Freilich, das soll dann nicht so allgemein gesagt werden. Paulus weißt auf den miserablen sozialen Status der korinthischen Christen hin, und lässt sie so sub contrario, den heilsamen und erfreulichen Status erfahren, den ihnen Gottes Erwählung in diesem Wort vom Kreuz beilegt. Ich habe schon gesagt: So geht das bei uns nicht; so problematisch wie das empfinden mögen, dass mindestens dieses Argumente des Textes nicht auf uns passt: Wir wollen uns da nicht hineinschleichen. Es ist ja dann auch so gut, dass wir uns hier gegenseitig annehmen können – und haben dort, wo wir das nötig haben (wer hätte es nicht immer wieder einmal nötig), den erfreulichen und heilsamen Status der Schwester und des Bruders. Auch das, als ein Angebot unter anderen, ist doch der Sinn unserer Tagung.

 

Du unser Gott,

wir danken dir für deine gnädige Wahl, die uns in Jesus Christus gewiss ist. Lass uns festhalten am Evangelium.
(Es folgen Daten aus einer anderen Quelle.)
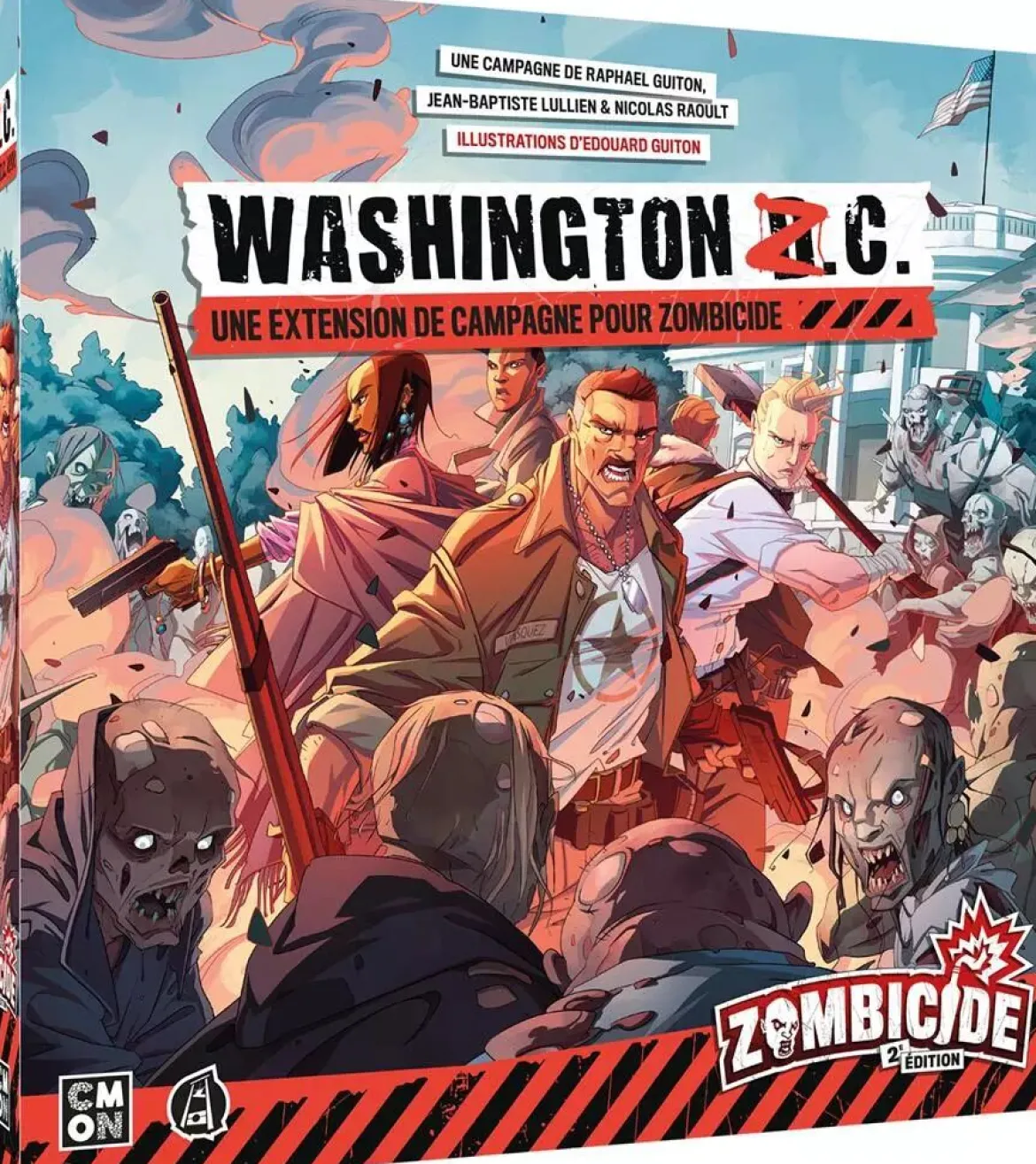 Washington Z.C. (Ext. Zombicide 2ème Édition)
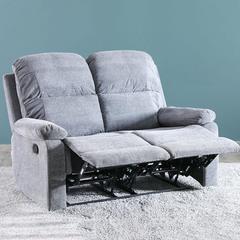 Danube Home Salvoy 2-Seater Fabric Recliner (138 x 90 x 100 cm)
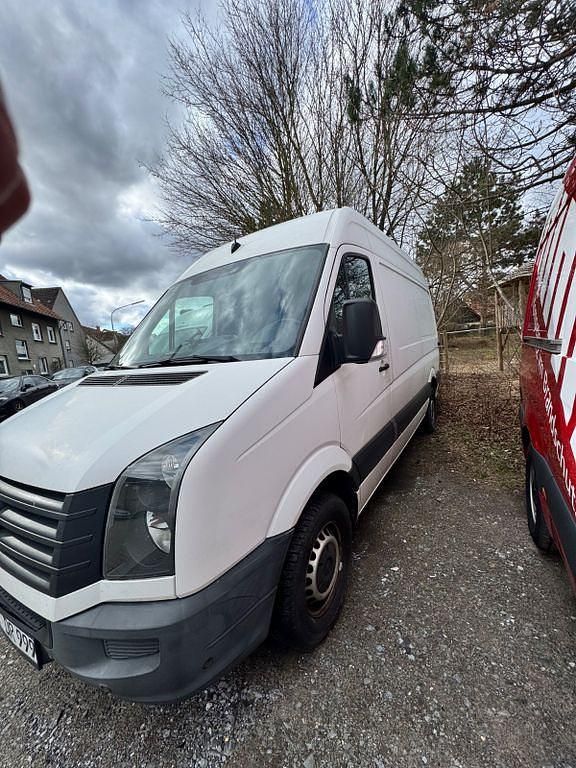 Gebraucht VW Crafter 150 PS (110 kW) 2017 Weiß Van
Hilf deiner Christenheit. Gib ihr Einsicht, Mut und Glauben und lass sie deine Freundlichkeit mit Worten und Taten bezeugen.

Wir bitten dich um Recht und Freiheit für alle Unterdrückten. Erhalte uns den Frieden. Zeig du Wege, wo wir nur Ausweglosigkeit sehen können, in Israel, in Afghanistan.

Gib du den Menschen, was sie brauche, Brot und Arbeit, Heimat und Anerkennung. Sei du mit allen Lebendigen. Wehre der Vergeudung deiner Gaben.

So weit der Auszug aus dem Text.